What you should do — Collect all lines from the records below that include the word "Used".
━━━━
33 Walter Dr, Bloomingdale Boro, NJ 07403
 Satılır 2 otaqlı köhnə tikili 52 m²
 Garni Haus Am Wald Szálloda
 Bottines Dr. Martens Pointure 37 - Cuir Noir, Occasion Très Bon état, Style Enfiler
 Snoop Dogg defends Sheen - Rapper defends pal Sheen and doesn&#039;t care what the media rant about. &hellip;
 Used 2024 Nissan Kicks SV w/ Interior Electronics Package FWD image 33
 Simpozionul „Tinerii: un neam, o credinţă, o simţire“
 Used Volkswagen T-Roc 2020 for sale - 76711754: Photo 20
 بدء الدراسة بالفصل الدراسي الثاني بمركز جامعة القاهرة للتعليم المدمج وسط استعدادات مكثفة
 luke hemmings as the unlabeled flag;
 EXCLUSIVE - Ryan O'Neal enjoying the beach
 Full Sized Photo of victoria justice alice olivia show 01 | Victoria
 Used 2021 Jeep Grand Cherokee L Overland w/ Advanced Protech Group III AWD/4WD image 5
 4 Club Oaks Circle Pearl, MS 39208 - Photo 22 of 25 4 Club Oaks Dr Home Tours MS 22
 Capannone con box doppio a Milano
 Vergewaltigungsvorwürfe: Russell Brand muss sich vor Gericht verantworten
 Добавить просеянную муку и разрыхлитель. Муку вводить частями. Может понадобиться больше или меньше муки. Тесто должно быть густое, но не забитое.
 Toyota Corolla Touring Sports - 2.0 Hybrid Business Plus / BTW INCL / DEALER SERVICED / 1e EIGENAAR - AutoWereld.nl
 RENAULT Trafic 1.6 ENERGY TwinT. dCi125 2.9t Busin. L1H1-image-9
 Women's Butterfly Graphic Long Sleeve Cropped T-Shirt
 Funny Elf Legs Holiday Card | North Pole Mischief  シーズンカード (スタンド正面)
━━━━
Written answer —
 Used 2024 Nissan Kicks SV w/ Interior Electronics Package FWD image 33
 Used Volkswagen T-Roc 2020 for sale - 76711754: Photo 20
 Used 2021 Jeep Grand Cherokee L Overland w/ Advanced Protech Group III AWD/4WD image 5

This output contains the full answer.